VI.             Certification

[79]           Suite à l’audition de cette demande, le demandeur m’a fait parvenir une lettre par laquelle il me demande de certifier un certain nombre de questions qu’il qualifie de générales et importantes, à savoir :

A.                Dans le cadre d’une détermination d’inadmissibilité en vertu de l’article 37(1)a) de la LIPR, est-il nécessaire pour l’agente des visas d’identifier au justiciable l’organisation criminelle et les allégations précises reprochées au justiciable avant d’entreprendre le processus d’entrevue et de collecte d’information et de l’indiquer notamment dans la lettre d’équité?

B.                 Est-ce que dans l’article 37(1)a) de la LIPR, l’expression « ou de la perpétration hors du Canada d’une infraction qui commise au Canada constituerait une telle infraction » requiert des éléments constitutifs de l’infraction alléguée comme ayant été commise à l’étranger, selon le droit en vigueur à l’étranger? Et une analyse d’équivalence et une conclusion de double criminalité entre l’infraction à l’étranger et l’infraction à une loi fédérale?

C.                 Est-ce que des pratiques commerciales, peuvent fonder des MRC (motifs raisonnables de croire) à d’actes malhonnêtes (au sens du Code criminel canadien) ou d’infraction criminelle visée à l’art. 37 LIPR : a) en l’absence de preuve du caractère illicite de telles pratiques dans le pays où ces infractions en cause ont eu lieu? b) en l’absence de preuve du caractère illicite de telles pratiques au Canada?

D.                En l’absence de preuve de leur caractère illicite dans les pays en cause, est-ce que des choix gouvernementaux ou législatifs étrangers et/ou des choix corporatifs à l’étranger peuvent constituer des actes malhonnêtes ou un plan d’activités criminelles au sens de l’article 37(1)a)?

E.                 En l’absence de preuve de leur caractère illicite au Canada, est-ce que des choix gouvernementaux ou législatifs étrangers et/ou corporatifs exercés à l’étranger peuvent constituer des actes malhonnêtes ou un plan d’activités criminelles au sens de l’article 37(1)a)?

F.                  Lorsqu’un dossier est retourné par la Cour fédérale à un même agent spécifiquement pour corriger des erreurs de droit et rendre une nouvelle décision en conformité avec l’ordonnance est-ce que ce même agent peut légalement consulter d’autres personnes pour rendre cette nouvelle décision?
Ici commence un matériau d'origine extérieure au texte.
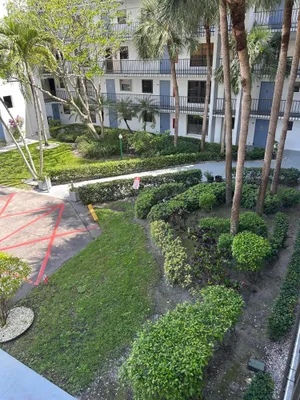 Property Slideshow image 3 of 16 | 4700 lucerne lakes blvd 308, Lake Worth, FL, 33467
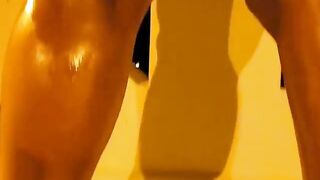 Mariagjieli OnlyFans -   Oral Pleasure Play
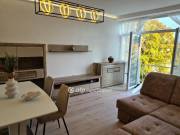 Eladó 65 m2-es téglalakás Budapest XII. kerület, Orbánhegy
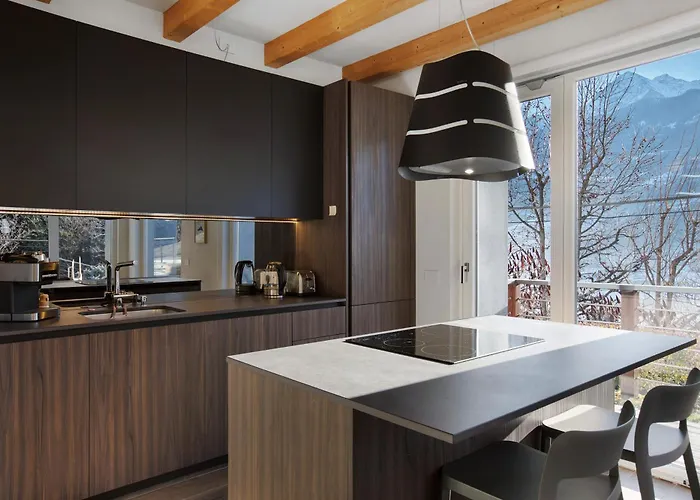 La Maison Du Renard *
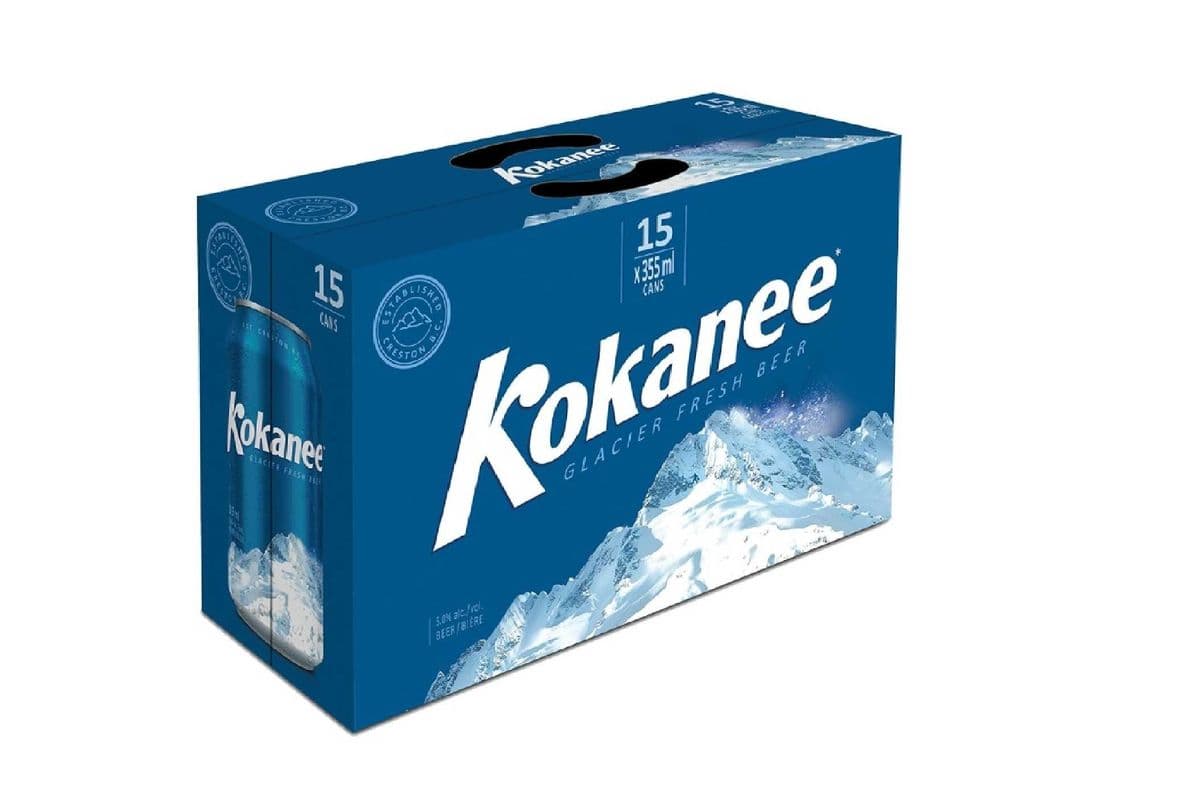 Keystone Light (15 Pack) (15 x 355ML)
G.                L’invocation du privilège décisionnel à l’égard d’une communication du superviseur de l’agent décideur (avec d’autres personnes que le décideur) confirme-t-elle l’interférence illégale dans le processus décisionnel de l’agent décideur?

H.                Est-ce que cette interférence ou cette participation d’autres personnes crée une violation de l’apparence d’impartialité?

[80]           Je suis d’opinion que la question A n’est pas déterminante puisque dans les faits, le demandeur a été informé, très tôt dans le processus, des allégations auxquelles il devait faire face et qu’il a eu amplement l’occasion d’être entendu à leur sujet.

[81]           Les questions F, G et H ont trait à un argument que le demandeur a soulevé pour la première fois à l’audition et qui n’a pas été considéré par la Cour. Elles ne sont donc pas déterminantes.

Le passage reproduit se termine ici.